[![Open In Colab](https://colab.research.google.com/assets/colab-badge.svg)](https://colab.research.google.com/github/gdsaxton/GDAN5400/blob/main/Week%204%20Notebooks/GDAN%205400%20-%20Week%204%20Notebooks%20%28III%29%20-%20Creating%20Binary%20Variables.ipynb)

This notebook provides recipes for creating binary variables in Python 

In [None]:
%%time
import datetime
print ("Current date and time : ", datetime.datetime.now().strftime("%Y-%m-%d %H:%M:%S"), '\n')

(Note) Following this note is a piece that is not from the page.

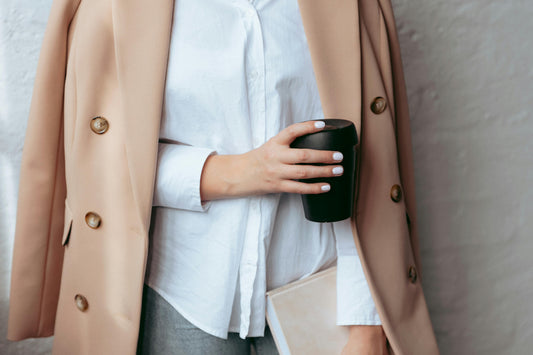 femme portant un bug en tenue de travail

# Load Packages and Set Working Directory
Import several necessary Python packages. We will be using the <a href="http://pandas.pydata.org/">Python Data Analysis Library,</a> or <i>PANDAS</i>, extensively for our data manipulations in this and future tutorials.

In [None]:
import numpy as np
import pandas as pd
from pandas import DataFrame
from pandas import Series

<br>
PANDAS allows you to set various options for, among other things, inspecting the data. I like to be able to see all of the columns. Therefore, I typically include this line at the top of all my notebooks.

In [None]:
#http://pandas.pydata.org/pandas-docs/stable/options.html
pd.set_option('display.max_columns', None)
pd.set_option('max_colwidth', 250)
pd.set_option('display.max_info_columns', 500)

# Read in Data

In [None]:
import pandas as pd
import requests

# NOTE: replace `https://github.com/` with `https://raw.githubusercontent.com`
# https://github.com/gdsaxton/GDAN5400/blob/main/Coding%20Assignment%201/final_insurance_fraud.xlsx
url = 'https://raw.githubusercontent.com/gdsaxton/GDAN5400/main/Coding%20Assignment%201/final_insurance_fraud.xlsx'

# Download the file
response = requests.get(url)
with open('final_insurance_fraud.xlsx', 'wb') as f:
    f.write(response.content)

# Load the Excel file
df = pd.read_excel('final_insurance_fraud.xlsx', engine='openpyxl')

df.head()

In [None]:
#APPLY DATA CLEANING OPERATIONS FROM CODING ASSIGNMENT 1
df = df[df['Policy Number'].notnull()]
df['Estimated cost to repair'] = df['Estimated cost to repair'].fillna(0)
df['Estimated cost to replace'] = df['Estimated cost to replace'].fillna(0)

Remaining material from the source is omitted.